Define Type I and Type II error in testing of hypothesis. A psychologist wishes to verify that a certain drug increases the reaction time to given stimulus. The following reaction times (in tenth of seconds) were recorded before and after injection of the drug for each of four subjects. Test at 5% level of significance to determine whether the drug significantly increases the reaction time.

$\begin{array}{|c|c|c|c|c|c|} \hline \text{Reaction Time} & \text{Subject 1} & \text{Subject 2} & \text{Subject 3} & \text{Subject 4} \\ \hline \text{Before} & 7 & 2 & 12 & 12 \\ \text{After} & 13 & 3 & 18 & 13 \\ \hline \end{array}$
[10]
Section B

Short Answers Questions

Attempt any Eight questions.
[8*5=40]
4.
The following ANOVA summary table was obtained from a multiple regression model with two independent variables. i. Determine the mean sum square due to regression, the mean sum square due to error and F-value. ii. Test the significance of overall model at 5% level of significance. iii. Compute coeff of determination and interpret its value. iv. Find standard error of estimate.

$\begin{array}{|c|c|c|c|c|} \hline \text{Souce of variation} & \text{Sum of square} & \text{Degree of freedom} & \text{Mean sum of square} & \text{F-value} \\ \hline \text{Regression} & 12.62 & 2 & ? & ? \\ \text{Error} & 0.78 & 12 & ? & \\ \text{Total} & 13.40 & 14 & & \\ \hline \end{array}$
[5]
5.
What do you mean by non parametric test? Write down advantages of non parametric test over parametric tests? [5]
6.
Bank of Nepal recorded the sex of first 30 customers who appeared last Monday with notation M M F M M F M F M F M F M F M F M F M F M F M F M F M F M F. At the 0.005 level of significance, test the randomness of this sequence. [5]
7.
A study showed the following results for the different age groups. At the 0.05 level of significance, is there evidence of a difference among the age groups with respect to use of mobile phones for accessing social networking?

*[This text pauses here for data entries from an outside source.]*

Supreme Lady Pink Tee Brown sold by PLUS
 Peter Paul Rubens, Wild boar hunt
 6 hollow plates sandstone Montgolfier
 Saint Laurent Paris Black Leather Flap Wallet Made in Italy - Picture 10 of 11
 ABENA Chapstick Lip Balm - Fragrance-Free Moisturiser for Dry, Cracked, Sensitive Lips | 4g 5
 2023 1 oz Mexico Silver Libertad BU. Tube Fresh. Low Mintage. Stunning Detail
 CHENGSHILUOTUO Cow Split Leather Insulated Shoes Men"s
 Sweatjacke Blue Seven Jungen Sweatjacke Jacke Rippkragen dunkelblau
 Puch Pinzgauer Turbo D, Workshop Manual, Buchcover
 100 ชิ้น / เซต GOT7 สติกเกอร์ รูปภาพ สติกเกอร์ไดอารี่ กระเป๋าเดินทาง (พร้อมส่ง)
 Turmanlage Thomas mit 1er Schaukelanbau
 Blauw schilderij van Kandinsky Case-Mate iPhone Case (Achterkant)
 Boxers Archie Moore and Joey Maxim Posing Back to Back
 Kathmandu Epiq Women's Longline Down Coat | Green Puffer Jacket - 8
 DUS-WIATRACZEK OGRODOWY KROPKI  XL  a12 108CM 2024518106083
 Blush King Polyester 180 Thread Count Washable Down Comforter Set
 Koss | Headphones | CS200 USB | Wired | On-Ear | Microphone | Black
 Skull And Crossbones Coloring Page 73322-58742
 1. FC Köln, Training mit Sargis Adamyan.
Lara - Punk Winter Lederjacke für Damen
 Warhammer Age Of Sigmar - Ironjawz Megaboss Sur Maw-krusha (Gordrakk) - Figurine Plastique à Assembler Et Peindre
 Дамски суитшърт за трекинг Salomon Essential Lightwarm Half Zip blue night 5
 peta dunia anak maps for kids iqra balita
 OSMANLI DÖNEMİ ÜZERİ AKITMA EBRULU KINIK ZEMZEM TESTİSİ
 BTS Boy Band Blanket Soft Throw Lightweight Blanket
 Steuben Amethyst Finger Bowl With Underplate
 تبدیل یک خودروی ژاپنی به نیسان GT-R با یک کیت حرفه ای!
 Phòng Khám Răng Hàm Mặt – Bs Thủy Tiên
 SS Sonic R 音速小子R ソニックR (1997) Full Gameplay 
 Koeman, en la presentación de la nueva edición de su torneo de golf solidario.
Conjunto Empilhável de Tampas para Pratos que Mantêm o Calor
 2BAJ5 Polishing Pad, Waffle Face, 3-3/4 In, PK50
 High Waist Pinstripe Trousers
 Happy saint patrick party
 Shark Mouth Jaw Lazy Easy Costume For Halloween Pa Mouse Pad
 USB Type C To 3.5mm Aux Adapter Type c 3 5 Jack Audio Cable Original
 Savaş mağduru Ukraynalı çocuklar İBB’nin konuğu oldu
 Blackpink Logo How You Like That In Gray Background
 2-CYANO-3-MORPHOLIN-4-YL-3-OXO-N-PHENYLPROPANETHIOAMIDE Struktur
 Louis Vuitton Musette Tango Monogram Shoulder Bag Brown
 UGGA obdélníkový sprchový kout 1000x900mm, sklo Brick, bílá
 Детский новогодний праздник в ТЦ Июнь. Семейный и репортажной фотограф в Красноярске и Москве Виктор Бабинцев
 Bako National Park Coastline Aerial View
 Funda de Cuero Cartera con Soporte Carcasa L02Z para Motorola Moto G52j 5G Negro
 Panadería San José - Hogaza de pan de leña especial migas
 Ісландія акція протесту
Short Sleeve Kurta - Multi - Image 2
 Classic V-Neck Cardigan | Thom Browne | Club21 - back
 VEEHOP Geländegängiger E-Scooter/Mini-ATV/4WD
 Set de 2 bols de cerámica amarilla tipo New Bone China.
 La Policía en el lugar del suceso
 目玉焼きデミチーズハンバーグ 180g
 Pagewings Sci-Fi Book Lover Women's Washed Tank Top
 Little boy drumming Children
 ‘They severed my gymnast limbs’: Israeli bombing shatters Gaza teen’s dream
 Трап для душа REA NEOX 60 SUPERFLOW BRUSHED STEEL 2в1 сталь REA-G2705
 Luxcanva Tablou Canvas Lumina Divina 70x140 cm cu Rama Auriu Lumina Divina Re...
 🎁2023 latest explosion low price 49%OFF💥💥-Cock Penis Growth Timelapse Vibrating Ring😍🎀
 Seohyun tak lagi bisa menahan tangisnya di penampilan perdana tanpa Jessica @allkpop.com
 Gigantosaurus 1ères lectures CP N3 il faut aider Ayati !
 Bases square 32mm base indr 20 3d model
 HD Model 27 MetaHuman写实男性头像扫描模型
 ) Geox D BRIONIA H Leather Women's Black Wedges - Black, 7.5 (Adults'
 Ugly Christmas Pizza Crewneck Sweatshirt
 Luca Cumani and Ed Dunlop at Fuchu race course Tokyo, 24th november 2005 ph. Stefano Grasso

$\begin{array}{|c|c|c|c|} \hline \text{Use mobile phones to access social networking?} & \text{18-34} & \text{35-64} & \text{65+} \\ \hline \text{Yes} & 60 & 37 & 14 \\ \text{No} & 40 & 63 & 86 \\ \hline \end{array}$
[5]
8.
It is claimed that Samsung and Redmi mobiles are equally popular in Kathmandu. A random sample of 500 people from Kathmandu showed 300 have Samsung mobile. Test the claim at 5% level of significance. [5]
9.
An effort to estimate the mean amount per customer for dinner at a major Atlanta restaurant, data were collected for a sample of 49 customers and sample mean is found at 24.80. Assume population standard deviation is 5. a. Compute standard error of mean. b. Find 95% confidence interval estimate for the population mean. [5]
10.
Define Markov chain and its characteristics. [5]
11.
What are the basic concepts of queuing theory? In a super market, the average arrivals rate of customer is 10 per every 30 minutes following Poisson process. The average time taken by the cashier to list and calculate the customers purchase is 2.5 minutes following exponential distribution. What is the probability that queue length exceeds 6? What is the expected time spent by customer in the system? [5]
12.
Write short notes on the following. i. Partial and multiple correlation coefficient. ii. Properties of good estimator. [5]